*TASK DETAILS:*
Pictures must not appear; the answer is exactly the lines from the one that holds "Picture of Residential" through the end of the material.

*SOURCE MATERIAL:*
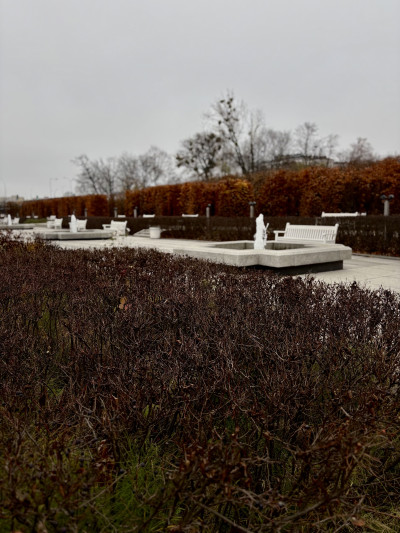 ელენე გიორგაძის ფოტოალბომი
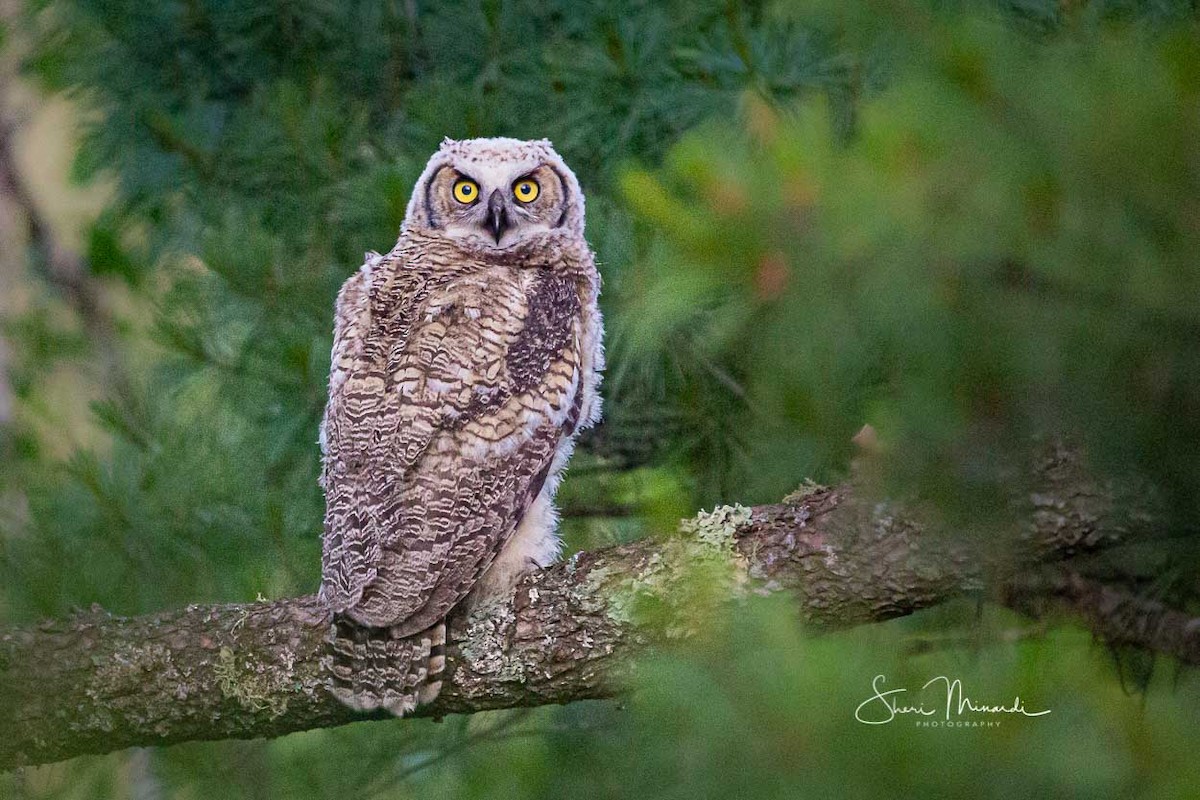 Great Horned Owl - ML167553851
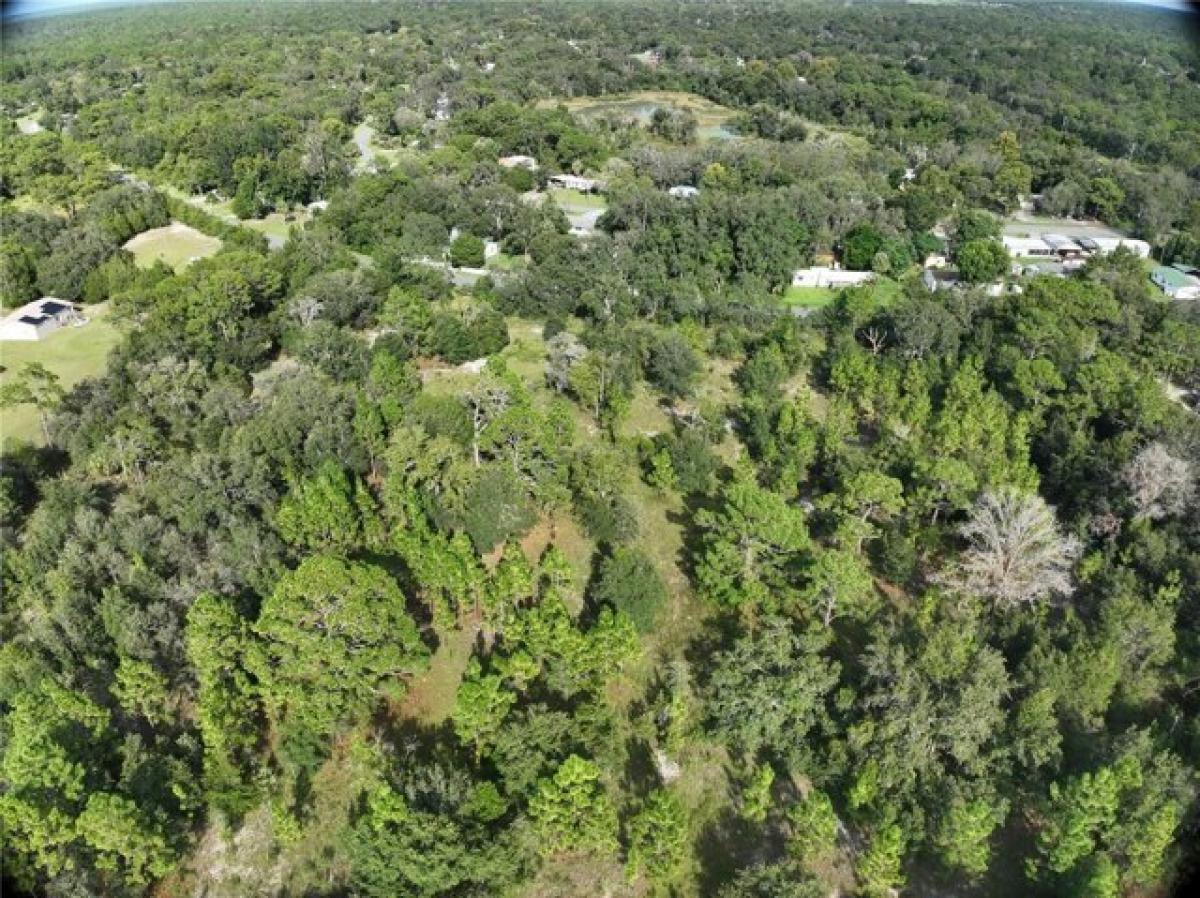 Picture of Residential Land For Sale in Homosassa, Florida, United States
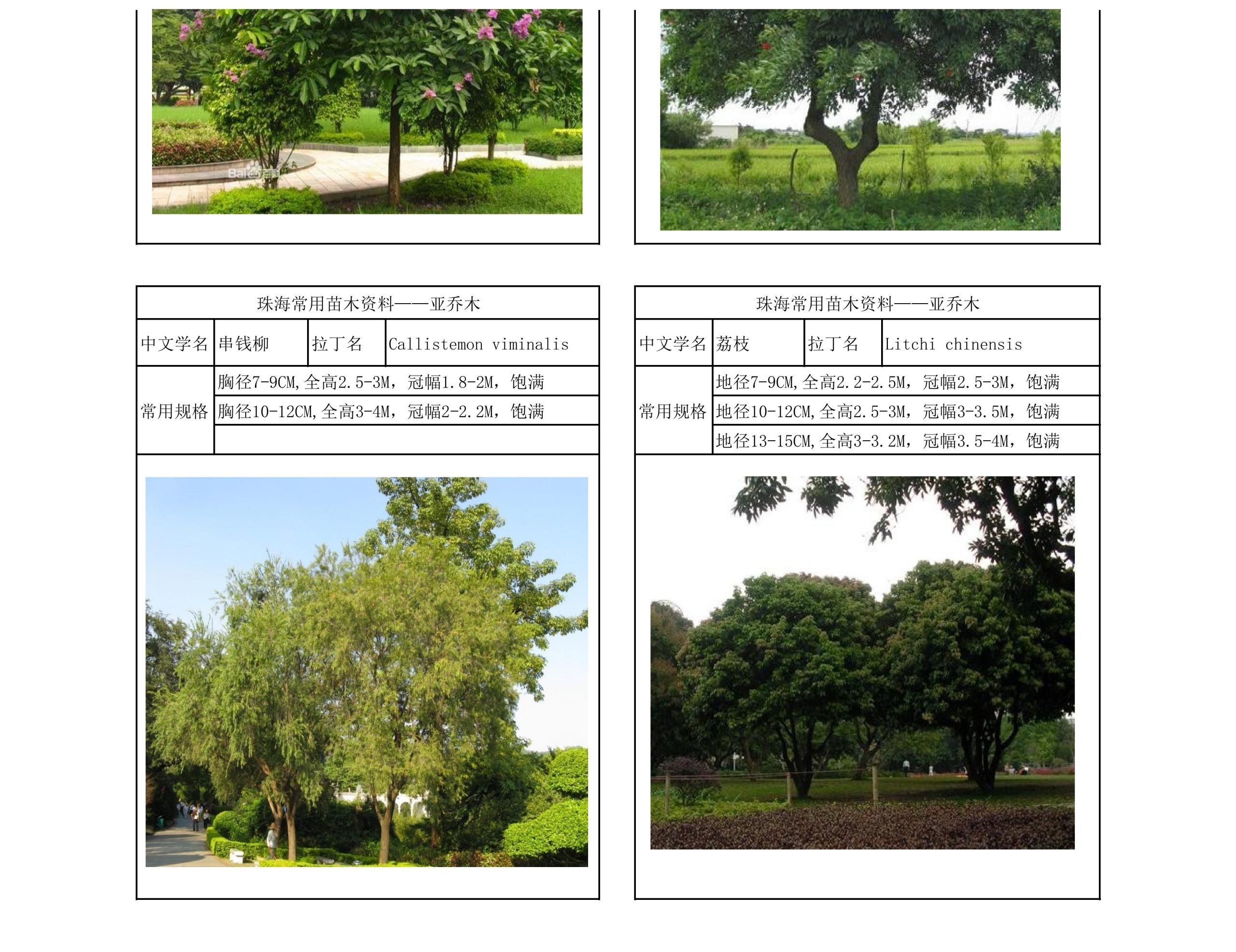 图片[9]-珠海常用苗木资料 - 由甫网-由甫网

*ANSWER FOR THE TASK:*
 Picture of Residential Land For Sale in Homosassa, Florida, United States
 图片[9]-珠海常用苗木资料 - 由甫网-由甫网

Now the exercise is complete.